Updated: Oct 16, 2020
ETF Edge: Lizzy Gurdus
SEP 26 20209:15 AM EDT –
‘Dumb money’ is fueling one of the biggest lies on Wall Street, researcher says. “Nobody likes to be average.”
That idea is reinforcing “one of the big lies from Wall Street” as retail investors turn to platforms such as Robinhood to try their hands at stock-picking, Larry Swedroe, chief research officer at Buckingham Wealth Partners and co-author of “The Incredible Shrinking Alpha,” told CNBC’s "ETF Edge" on Monday.
The rush of retail traders to the stock market during this year’s volatility has romanticized stock-picking in a potentially dangerous way, said Swedroe, whose latest book is just out in its second edition.“That’s what Wall Street tells you — we could do better than average — which of course is possible to do,” Swedroe said. “But the fact is that’s one of the big lies from Wall Street.”
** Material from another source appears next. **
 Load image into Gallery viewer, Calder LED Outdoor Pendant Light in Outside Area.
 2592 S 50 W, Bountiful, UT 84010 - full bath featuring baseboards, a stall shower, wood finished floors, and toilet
“We know that if you just passively invest in these index funds, you get market returns, which means you outperform or get higher than average returns than the vast majority of active investors,” he said.
Over the long term, that tends to hold true. Most active managers underperform the S&P 500 over the intermediate and long term, with 92% of large-cap funds underperforming the passive index over the last 15 years, according to S&P Dow Jones Indices.